Revealed preference hypothesis can be utilised to establish the demand theorem.

Samuelson has derived the Marshallian law of demand from his revealed preference hypothesis.

Marshallian law of demand, as is well known, states that a rise in the price of a good must, if income and other prices are held constant, results in the reduction of amount demanded of the good, and vice versa.

In other words, according to Marshall’s law of demand, there is inverse relation between price and amount demanded of a good. Samuelson proceeds to establish relationship between price and demand by assuming that income elasticity of demand is positive. From positive income elasticity, he deduces the Marshallian inverse price-demand relationship.

He states the demand theorem what he calls the Fundamental Theorem of Consumption Theory as under:

“Any good (simple or composite) that is known always to increase in demand when money income alone rises must definitely shrink in demand when its price alone rises”.

Fundamental Consumption Theorem and Rise in Price:

It is clear from the above statement of Fundamental Theorem that positive income elasticity of demand has been made a necessary qualification to the inverse price-demand principle. The geometrical proof of the Fundamental Theorem is illustrated in Fig. 12.5. Let us suppose that the consumer spends his entire income on the two goods X and Y.

Further suppose that his income in terms of good X is OB, and in terms of good Y is OA. Now, the price line AB represents the price-income situation confronting the consumer. All the combinations of goods X and Y lying within or on the triangle OAB are available to the consumer, from which he can buy any combination. Suppose that the consumer is observed to choose the combination Q. This means that Q is revealed to be preferred to all other combinations that lie within or on the triangle OAB.

Now, suppose that the price of good X rises, his income and price of Y remaining unchanged. With the rise in price of X the price line shifts to the new position AC. The price line AC represents new price-income situation. We now want to know what is the effect of this rise in price of good X on its quantity demanded, assuming that demand varies directly with income (i.e., income elasticity of demand is positive).

It is evident from Fig. 12.5 that combination Q is not available to the consumer in price-income situation AC. Let us compensate the consumer for the higher price of X by granting him extra money so that he can buy the same combination Q even at the higher price of X. The amount of money which is required to be granted to the consumer so that he could buy the original combination Q at the higher price of X has been called Cost-difference by J. R. Hicks. In Fig. 12.5. a line DE parallel to AC has been drawn so that it passes through Q. DE represents higher price of X and the money income after it has been increased by the cost difference.

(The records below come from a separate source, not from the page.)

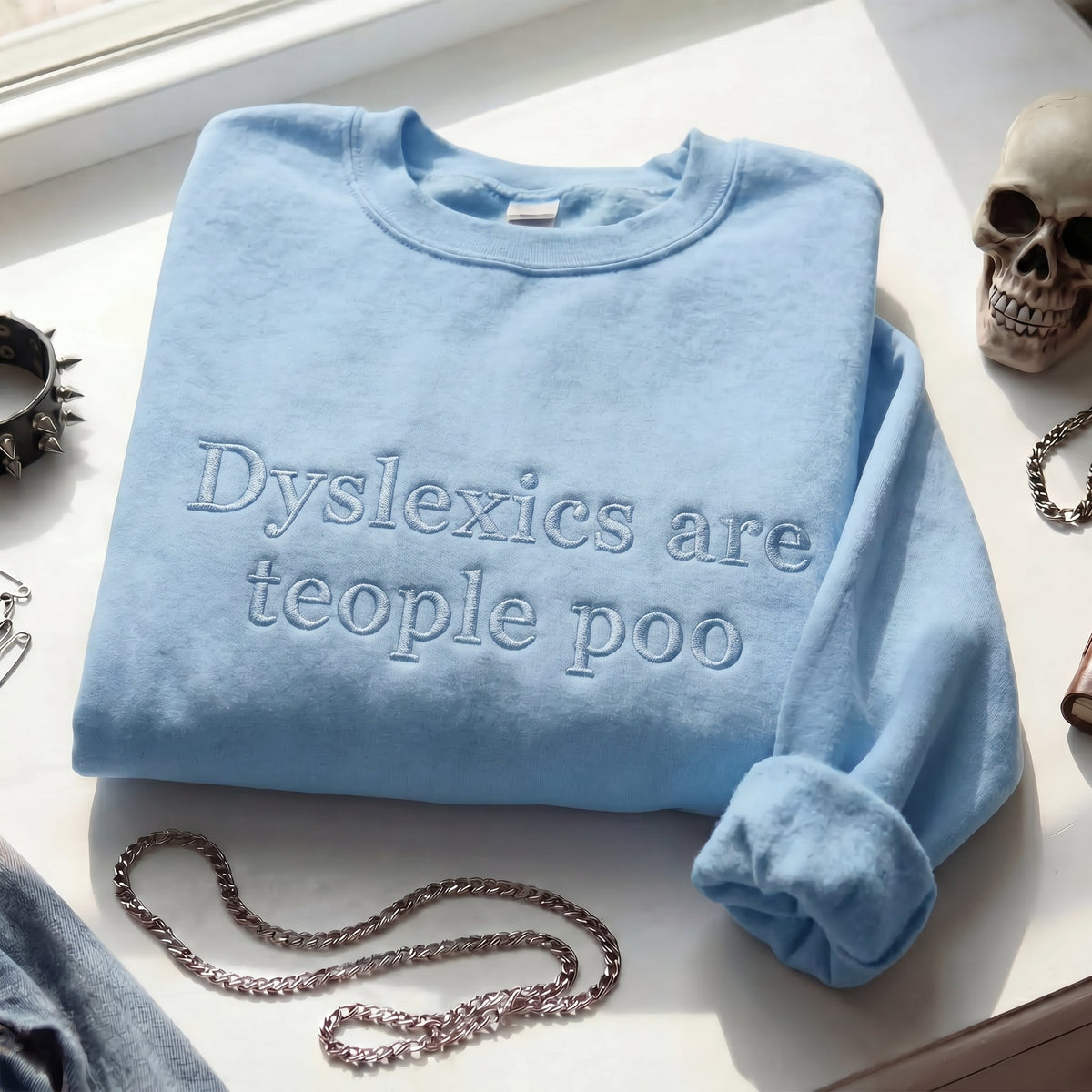 Dyslexics Are Teople Poo Embroidered Shirt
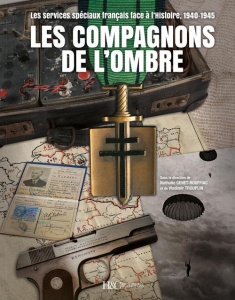 Les compagnons de l'ombre. Les services spéciaux français face à l'histoire, 1940-1945 - Genet-Rouffiac Nathalie ; Trouplin Vladimir ; Math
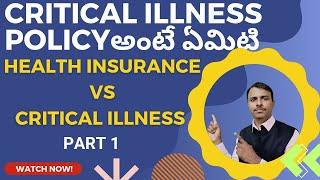 critical illness policy meaning and purpose? Doctor insurance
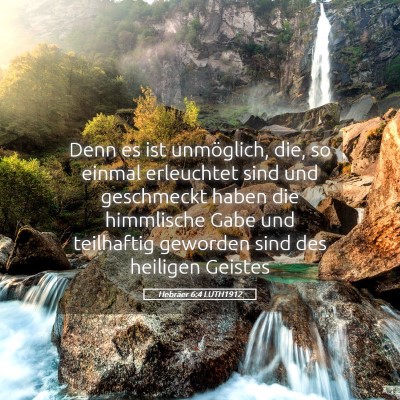 Picture 05 - Hebräer 6:4 LUTH1912 - Denn es ist unmöglich, die, so einmal erleuchtet - Bible Verse Picture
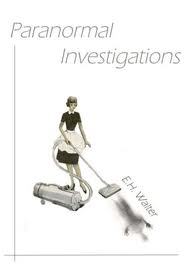 No Situation Too Strange (Paranormal Investigations, #1)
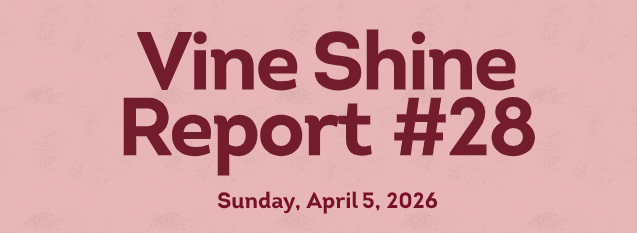 Vine Shine Report #28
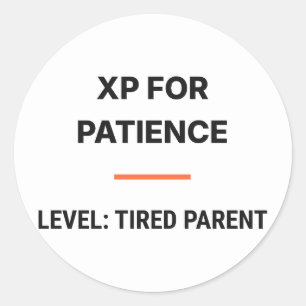 Autocollant XP pour la patience Niveau Parent fati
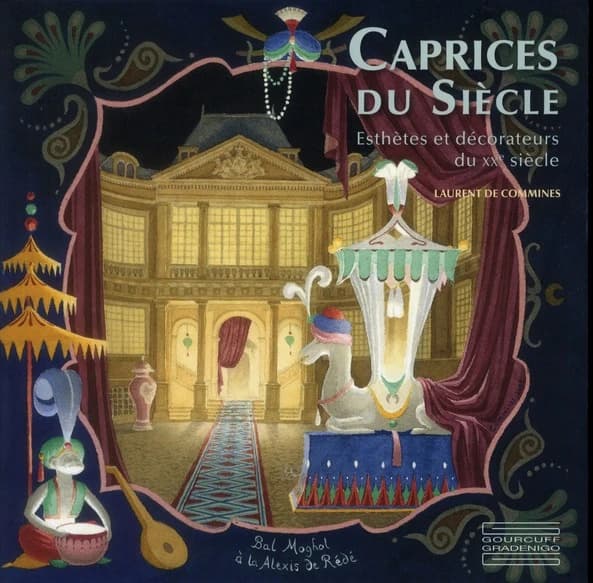 Caprices du siècle : esthètes et décorateurs du XXe siècle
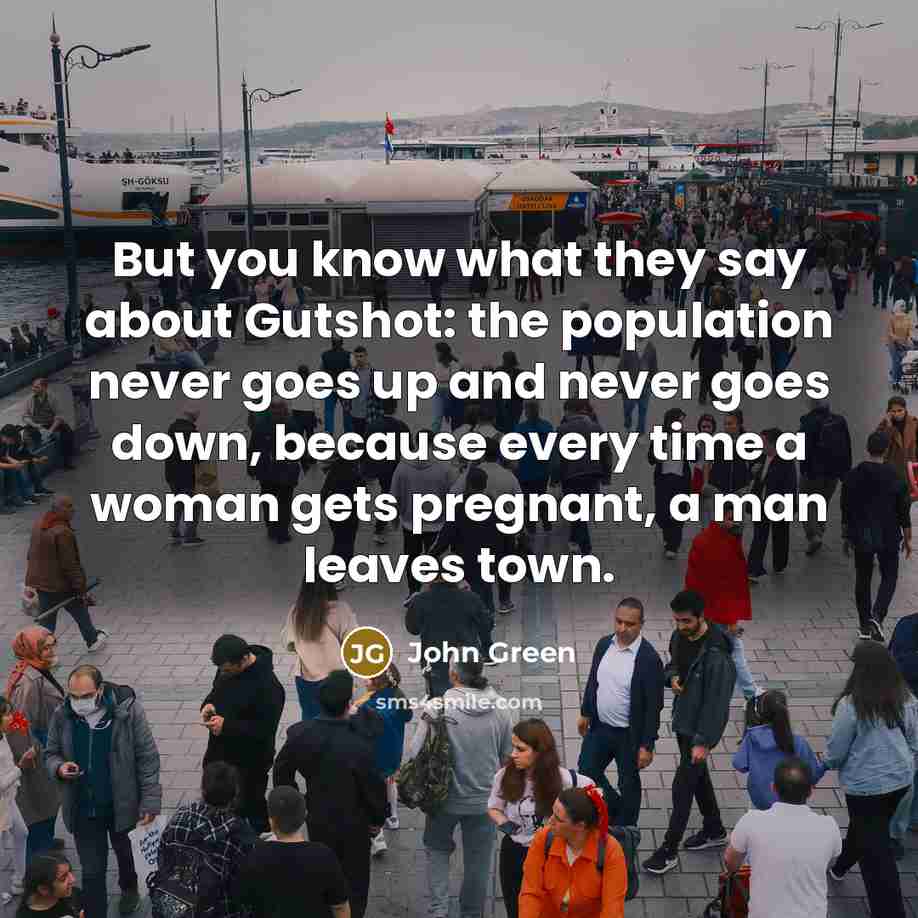“But you know what they say about Gutshot: the population…” quote by John Green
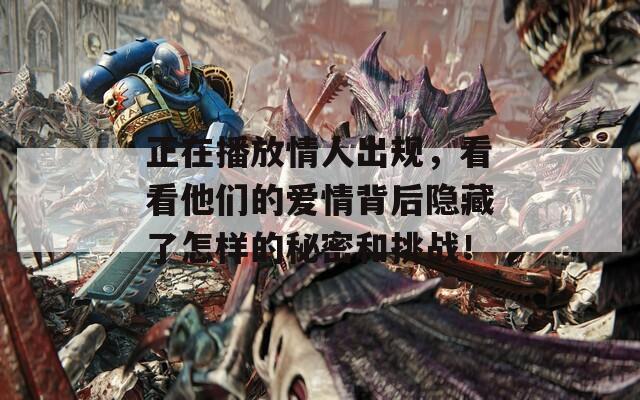 正在播放情人出规，看看他们的爱情背后隐藏了怎样的秘密和挑战！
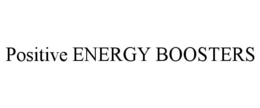POSITIVE ENERGY BOOSTERS trademark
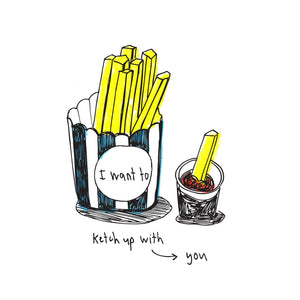I Want to Ketchup With You Card by ARTjaden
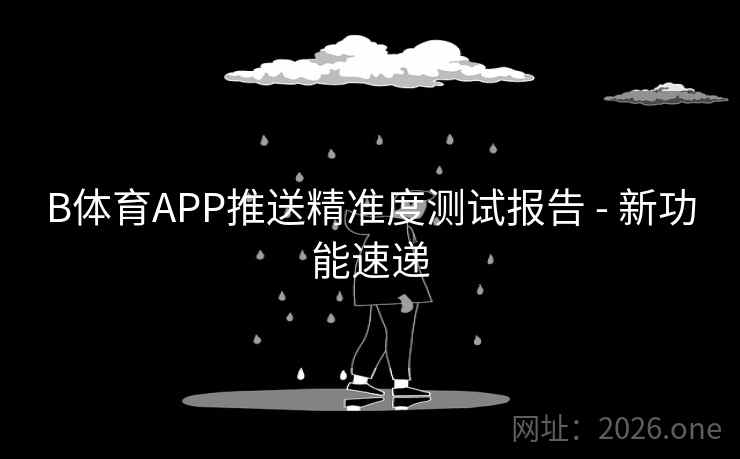 B体育APP推送精准度测试报告 - 新功能速递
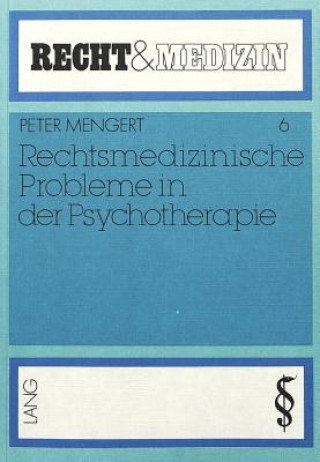 Rechtsmedizinische Probleme in der Psychotherapie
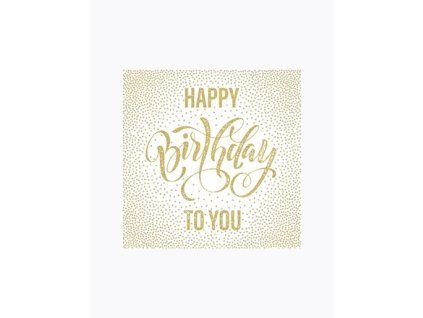 Ubrousky Happy Birthday 33 x 33 cm zlatá 20 ks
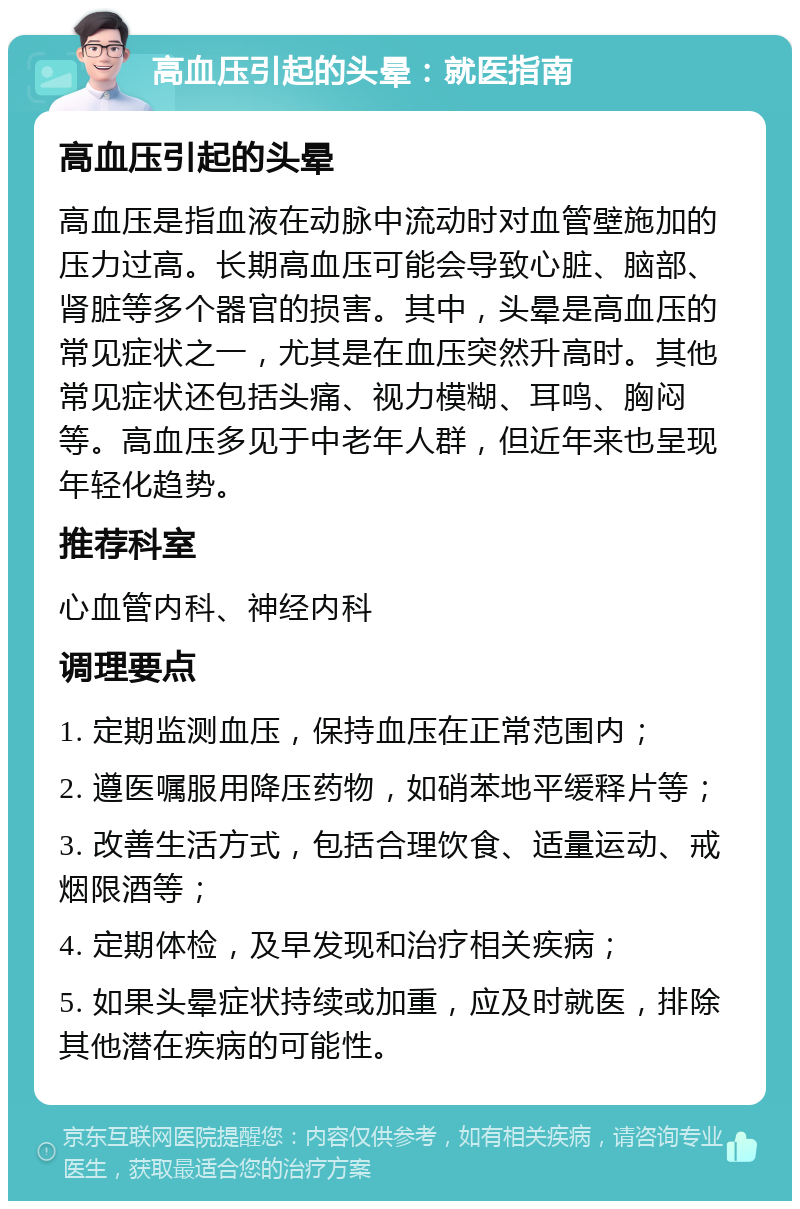 高血压引起的头晕：就医指南 高血压引起的头晕 高血压是指血液在动脉中流动时对血管壁施加的压力过高。长期高血压可能会导致心脏、脑部、肾脏等多个器官的损害。其中，头晕是高血压的常见症状之一，尤其是在血压突然升高时。其他常见症状还包括头痛、视力模糊、耳鸣、胸闷等。高血压多见于中老年人群，但近年来也呈现年轻化趋势。 推荐科室 心血管内科、神经内科 调理要点 1. 定期监测血压，保持血压在正常范围内； 2. 遵医嘱服用降压药物，如硝苯地平缓释片等； 3. 改善生活方式，包括合理饮食、适量运动、戒烟限酒等； 4. 定期体检，及早发现和治疗相关疾病； 5. 如果头晕症状持续或加重，应及时就医，排除其他潜在疾病的可能性。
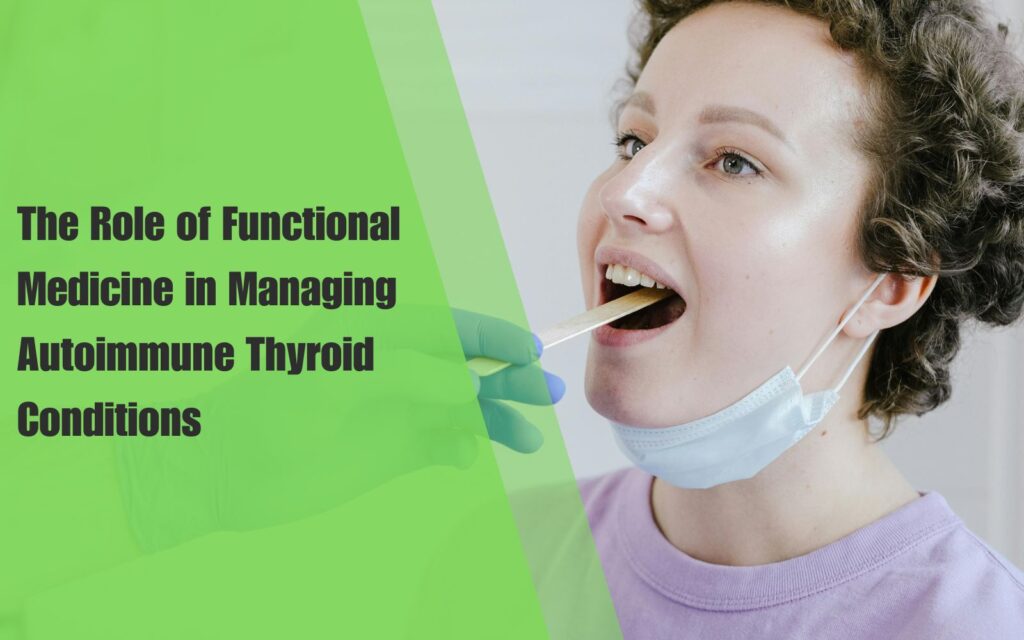 The Role of Functional Medicine in Managing Autoimmune Thyroid Conditions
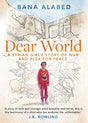 Dear World: A Syrian Girl'S Story Of War And Plea For Peace - product image
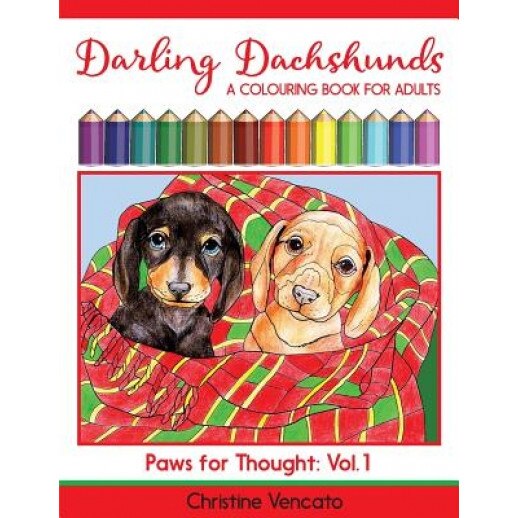 Darling Dachshunds: A Doxie Dog Colouring Book for Adults, Christine Vencato (Author)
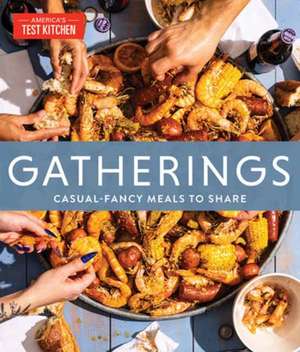 Gatherings de America'S Test Kitchen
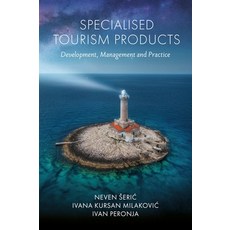 (영문도서) Specialised Tourism Products: Development Management and Practice Hardcover, English, 9781835494097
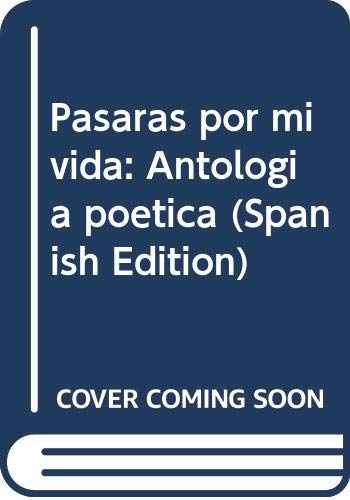 PasaraÌs por mi vida: AntologiÌa poeÌtica (Spanish Edition) (9789591003669) by Buesa, JoseÌ Angel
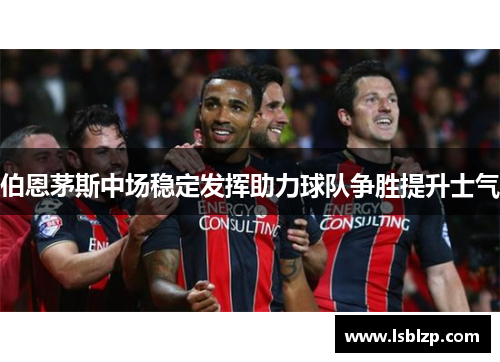 伯恩茅斯中场稳定发挥助力球队争胜提升士气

Now, the question is which combination will be chosen by the consumer in price-income situation DE. The original combination Q is available in price-income situation DE. It is evident from Figure 12.5, that he will not choose any combination lying below Q on the line DE. This is because if he chooses any combination below Q on the line DE, his choice would be inconsistent.

All combinations below Q on DE, that is, all combinations on QE could have been bought by the consumer but had been rejected by him in price-income situation AB in favour of Q. (All points on QE were contained in the original choice triangle OAB.). Since we are assuming consistency of choice behaviour on the part of the consumer he will not choose, in price-income situation DE, any combination below Q on QE in preference to Q when Q is available in the new situation.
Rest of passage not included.